Virginia Voices on the 2020 Election

The defiance, disbelief, and remedy for the 2020 election results voiced across the nation are stunning. From baseless allegations of fraud to hoarse cries for martial law, voices of folks from the Old Dominion match those in other corners. In context and juxtaposing a few with one another, the similarities resemble a chorus.  

There are some 195 Republican members of the US House of Representatives, and 126 (65%) of them signed onto an amicus brief spearheaded by the Attorney General of Texas to challenge the 2020 voting results in four states. The attorneys general of 18 states, 36% of the total, joined Texas.

In Virginia, three of its 11 House members (27%), Republicans, were among the signers to the Texas challenge. One of the four House Republicans, Denver Riggleman, who did not win reelection, did not enlist onto the amicus brief with the 126 House Republicans who agreed to the kamikaze lawsuit that SCOTUS summarily dismissed.

About 4.4 million Virginians voted in the 2020 presidential election–2.4 million for the Democrat and 2 million for the Republican. In effect, the three Virginia Republicans voted to nullify the votes of over 4 million, including those votes that elected the four GOP House members. Some have argued that the honorable thing is for the four to resign from Congress as testament to their protest. Riggleman, ousted by the VA GOP, commented:

A lot of people saw that as a threat to their very existence being in Congress. They’re getting pressure from multiple angles. They can come out and say they’re defending the president, knowing that it’s a fool’s errand but that it allows them to stay in good graces with a certain segment of the voting population.

To emphasize Riggleman’s disloyalty, the Appomattox County Republican Committee censured him for “betraying the very morals, principals (sic), and values of the Republican party” and “for his open consideration to vote for former Vice President Joe Biden instead of President Donald Trump….”

But Rep. Riggleman did not have the last word from the VA-05 congressional district. His successor, “biblical conservative” Bob Good, spoke at the November 12 rally in DC cheered by the Proud Boys. Good’s two cents preached that the COVID-19 virus was “phony” and encouraged the MAGAnuts:

This looks like a group of people that get that this is a phony pandemic. It’s a serious virus, but it’s a virus. It’s not a pandemic … You get it. You stand up against tyranny.

Good’s Virginia constituents may search in vain for any campaign commitments he made concerning his congressional efforts in stemming the “not a pandemic” that has claimed 285,000 cases in the Commonwealth with 4,414 fatalities. One may only guess that the numbers are not of sufficient biblical proportions to satisfy being characterized as a pandemic since the state records indicate only 300 in his congressional district who perished due to the phony pandemic..
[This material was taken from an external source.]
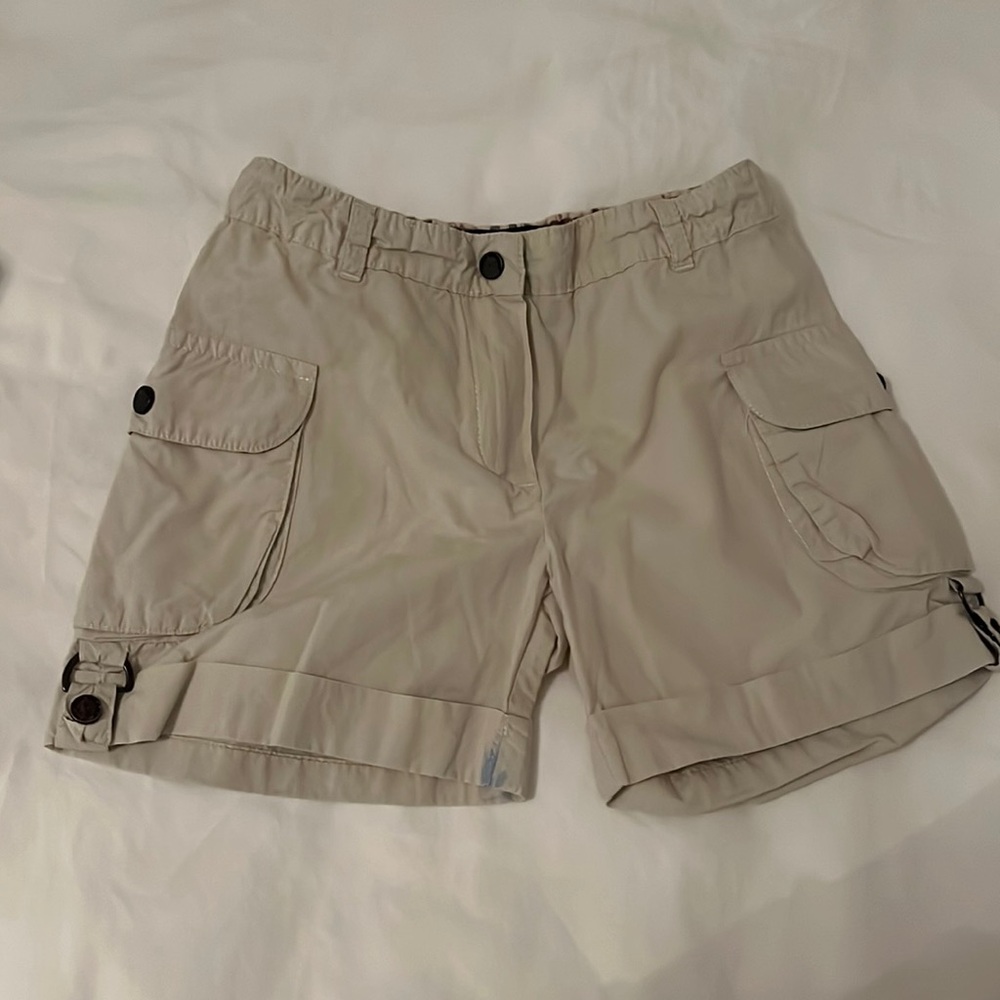 Burberry kids sz 4 beige shorts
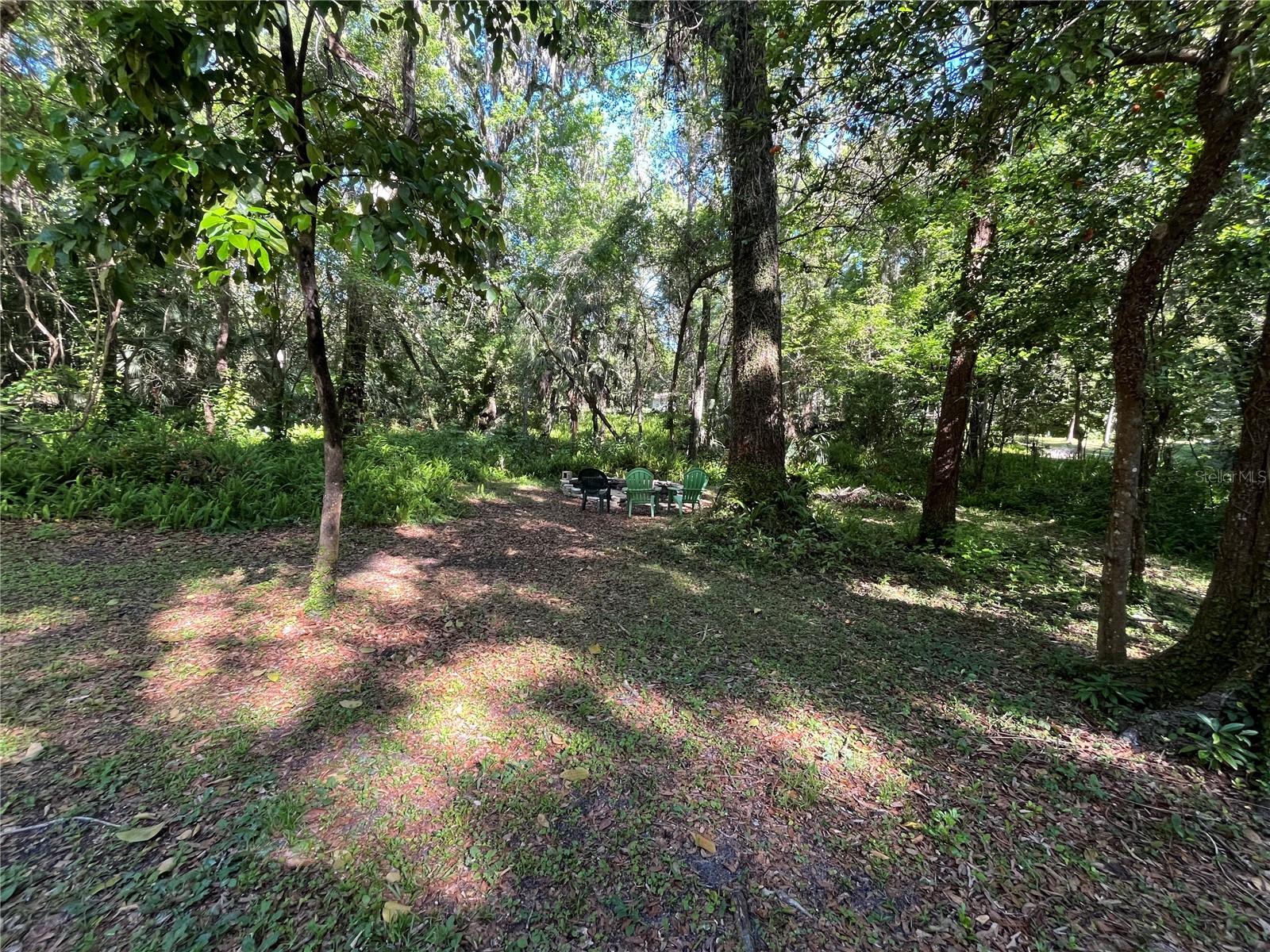 Image 9 of 47 For 1565 Oakhurst Drive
Days later, state Sen. Amanda Chase, a GOP candidate in the gubernatorial race, topped the commentary field by invoking a plea for P45 “to declare martial law.”  No less a national Trump celebrity Michael Flynn, repeated Chase’s call to arms.

The theme of the ramshackle DC rally was to “protest the steal.” One participant, a demonstrator who drove from Gloucester, Virginia, to show her support for Trump, said the legal defeats hadn’t shaken her belief that he won the election.
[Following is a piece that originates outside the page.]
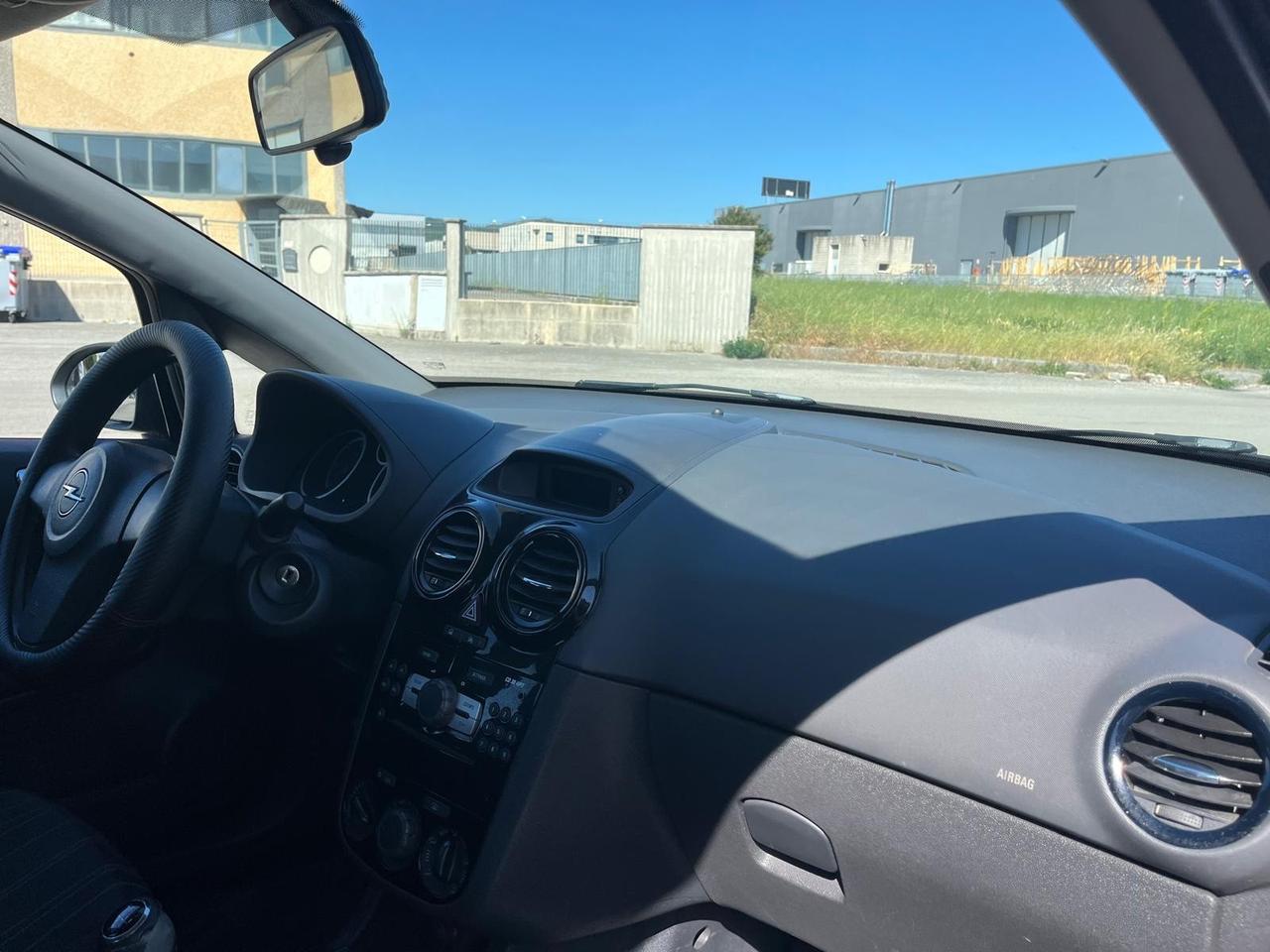 Opel Corsa 1.3 CDTI Club 141000 KM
“I believe the courts were on the take, too,” she said. The Supreme Court, where three of the nine justices were appointed by Trump, “was just afraid of a political backlash,” she said. Yes, it is difficult to imagine the disloyalty of justices whose lifetime jobs were gifts from P45.

The event was Trump star-studded, with Michael Flynn, Sebastian Gorka, Mike “My Pillow” Lindell, and Alex Jones…. The White House incumbent is likely to long for the trappings that the office of POTUS conferred–especially the legal protections.

Rolling Stone reported that the full diet of red meat served at the rally fueled chants from the crowd to “Destroy the GOP!” to express anger with the party for failing to keep Trump in the White House. GOP leadership at the RNC may deflect by citing to the law of unintended consequences.   

The event was Trump star-studded, with Michael Flynn, Sebastian Gorka, Mike “My Pillow” Lindell, and Alex Jones. Flynn and Gorka are or have been residents of Virginia. Exhibiting his best military behavior, P45 flew over the crowd in Marine One on his way to the Army-Navy football game at West Point, New York. Flynn, perhaps with a tear in his eye in gratitude for his pardon, exclaimed:

That’s pretty cool. Imagine just being able to jump in a helicopter and just go for a joy ride around Washington.

Yes, indeed, the White House incumbent is likely to long for the trappings that the office of POTUS conferred–especially the legal protections–along with a complete end to any connection with the hoax of COVID-19.  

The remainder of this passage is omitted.